DEAR BOB: I just finished reading the depressing book, "The Coming Real Estate Crash," by John England and Gray Cardff. As I'm sure you've read it, please tell me if you agree. I'm asking because I would like to buy a condominium or a small house. My parents, who have a "depression mentality," have advised me not to buy because they think we're going to have a big depression and they feel a single woman, age 27, has no business buying her own home. Mary Jane G., Washington.

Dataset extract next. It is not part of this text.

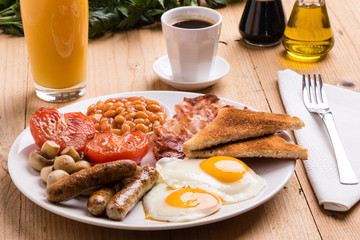 rustic full english breakfast - 121934600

DEAR MARY JANE: I have refrained from reviewing the book you mention because I feel if I can't say something good about a book I'd rather not say anything. The book's theory of home sale price decreases is based on old data that is irrelevant to today's real-estate market. The writers have little or no real estate experience, and they appear not to understand the dynamics of the field. In summary, I think the conclusions reached by the authors are wrong.
Many single people buy condos and houses for investment security, income tax savings benefits and inflation hedge reasons. In fact, the single market is a major one for home sellers. With today's amortized mortgages, there is little chance of a repeat of the Great Depression in real estate (which was caused by bankers refusing to renew five-year standing mortgages).
By the way, due to high mortgage interest rates, you'll find many bargins in today's home sale market. These bargins are usually the homes being financed by their sellers. Work with a good real estate agent to find a home that the seller is willing to finance so you can minimize your mortgage cost.
DEAR BOB: About a year ago I clipped your article on reverse annuity home mortgages. At that time you said only Broadview Savings in Cleveland and Deering Savings in Portland, Maine, offered them. I would like such a mortgage, as I need more income to live on, so I recently phoned six local mortgage lenders. They said they have never heard of reverse annuity mortgages. Where can I get one? Dan F., Suitland.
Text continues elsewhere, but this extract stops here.